My philosophy about the school is somewhat akin to John Deweys progressivism. The
school must not teach the students what they must learn. Rather, the school must teach the
students how to learn. The school must teach the students to be responsible for their learning.
On education, my philosophy is that education must be holistic (Idealism and
Rationalism). It is holistic in such a way that there should be a systematic delivery of learning.
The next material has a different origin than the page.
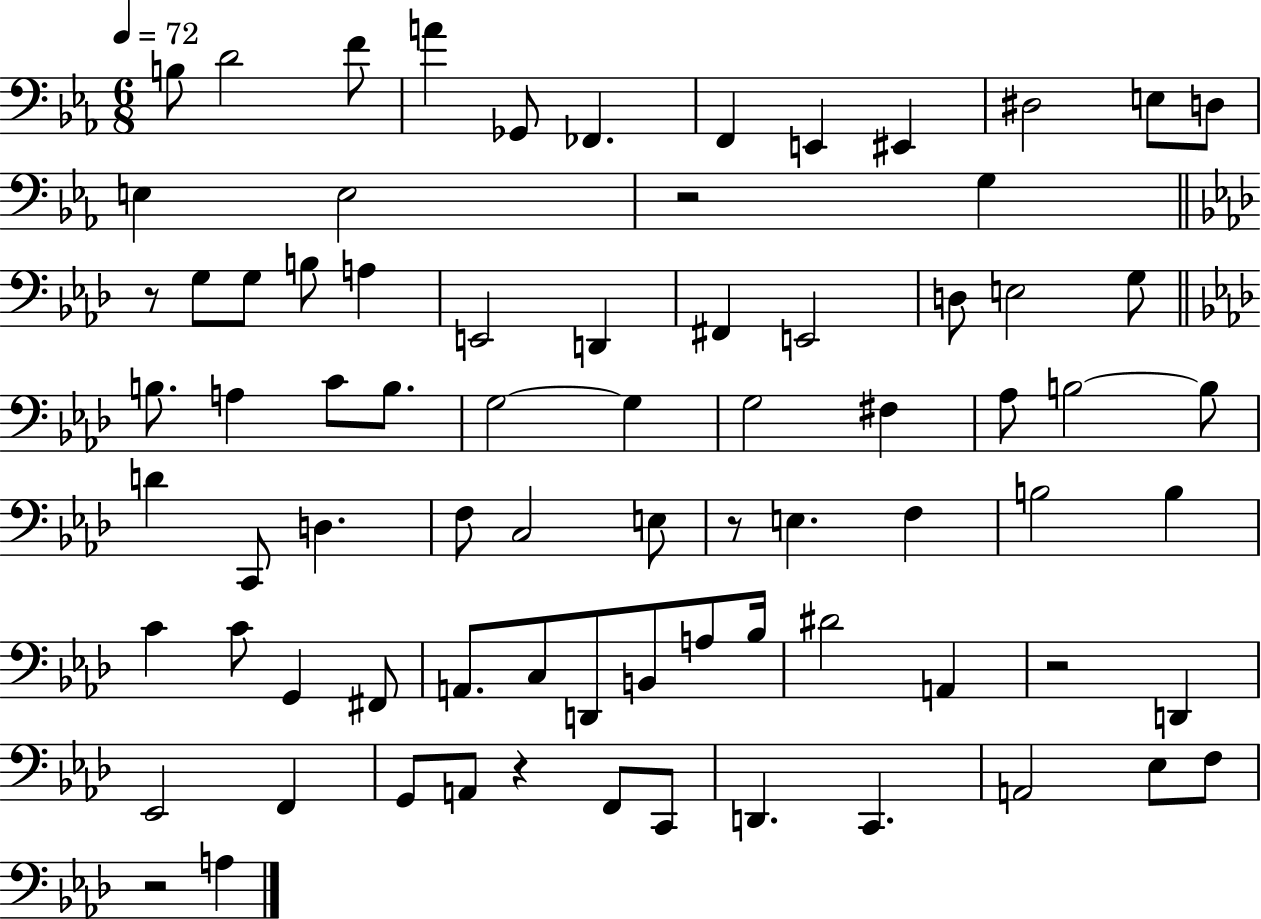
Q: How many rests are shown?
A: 6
The students must be taught how to analyze and synthesize. In addition, the importance of
reason must be emphasized. Education must provide the students the notion of good life, truth,
and beauty by emphasizing the existence of things.
On students, my philosophy is somewhat similar to existentialism. Students must be
responsible for their own learning. And so, they are what they choose to be. The essence they
create is the product of their own choices. The students must understand that the most
important kind of knowledge is about human condition, and the choices that each of them has to
make.
On the teaching and learning process I believe the concepts and principles of
pragmatism is best to use. The learning experiences must be action-oriented. There must be
the so-called learning by doing. The teacher is not the authoritarian leader but rather a friendly
facilitator of activities. The learning that the students must gain should have emphasis upon the
practicalities of life. Further, the emphasis of the activities is on integration and experimentation.
Lastly, as to curriculum I think it is ideal to follow the pragmatist and progressivist view.
The curriculum, in order to be effective must be based on students interest. It must be
integrated and interactive. It must provide students with action oriented experiences that will
promote responsibility among them. The curriculum must not only enhance the students
intellect but must focused also on developing skills.